Y hete aquí que, como un ensalmo, recordé que en mi vida he comido muchas lentejas, que me han permitido forjar mi personalidad y que han impedido que sucumbiese al pesebrismo de la adulación de la autoridad de turno. La libertad de pensamiento, la libertad de ser se consigue comiendo lentejas, no aplaudiendo al primer bribón siempre a merced de su capricho. Libertad es autodeterminación, autoposesión, rechazo a los estímulos deshumanizantes de los inservibles.
La autodisciplina como medio de superación ha cedido ante la sobreprotección
Hubo un día de un mes de un año cualquiera en el que la ética del esfuerzo dio paso a la ética del placer por el placer, en el que el domingo aplastó al lunes, en el que la responsabilidad cayó postrada a los pies de la irresponsabilidad, que la reflexión y el discernimiento fueron suplantados por la monserga de la crítica escuchada por cualquier presbítero de opinión en radio y en televisión. La autodisciplina como medio de superación y como escala de consecución de objetivos cedió ante la sobreprotección, el pragmatismo y el hedonismo sin causa.

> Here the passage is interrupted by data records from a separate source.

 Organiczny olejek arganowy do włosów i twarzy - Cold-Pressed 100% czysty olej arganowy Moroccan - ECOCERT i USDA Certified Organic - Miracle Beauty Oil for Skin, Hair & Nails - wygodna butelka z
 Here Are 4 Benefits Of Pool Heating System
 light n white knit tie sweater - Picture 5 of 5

Es allí donde se divisa un hiato paradójico entre algunos valores que persiguen las nuevas generaciones y los valores instrumentales. Porque es entrañable que se abracen las causas de la tolerancia, el pacifismo, la ecología o la solidaridad, cuando en cambio se han rechazado en algunos casos valores mediales que dan razón a todo como el esfuerzo, la autorresponsabilidad y la capacidad. Extraña que quien no se ha preocupado de generar riqueza ni valor a la comunidad más que en dosis limitadas, propugne la solidaridad con el esfuerzo de los demás.

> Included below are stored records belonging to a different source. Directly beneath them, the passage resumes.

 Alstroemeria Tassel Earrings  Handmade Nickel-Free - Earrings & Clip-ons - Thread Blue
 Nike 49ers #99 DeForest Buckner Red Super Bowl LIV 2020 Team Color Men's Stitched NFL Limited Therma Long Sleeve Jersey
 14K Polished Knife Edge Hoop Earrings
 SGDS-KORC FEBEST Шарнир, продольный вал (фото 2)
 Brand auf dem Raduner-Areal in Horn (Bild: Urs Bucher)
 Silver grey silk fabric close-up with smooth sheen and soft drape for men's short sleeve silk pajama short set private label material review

La libertad hay que trabajarla
Y todo porque el placer se obtiene de modo muy rápido, sin esfuerzo, de modo que se convierte en una adicción sin coste alguno. Es la aventura animal del sofá con un móvil entre las manos. Todo está a su alcance a cambio de una tarifa plana. Quizá sea el momento de reescribir la Biblia sobre la base de la aparición del «homo digitalis», el hombre que apaga el esfuerzo y cede a las presiones del dominio tecnológico. Adiós al autodominio, adiós a la libertad.
La libertad nunca fue un regalo. No lo es ahora ni lo seguirá siendo. Es una conquista permanente en todo momento y en todo lugar. Pero para ser libre, hay que escoger ser libre. La libertad es elección. En cambio, la pereza es un estado de servidumbre en el que se abaten los menesterosos, aquellos que dejaron de comer lentejas. A vueltas con el confinamiento, y ahora que volverá el frío en unas semanas, lentejas. Muchas lentejas.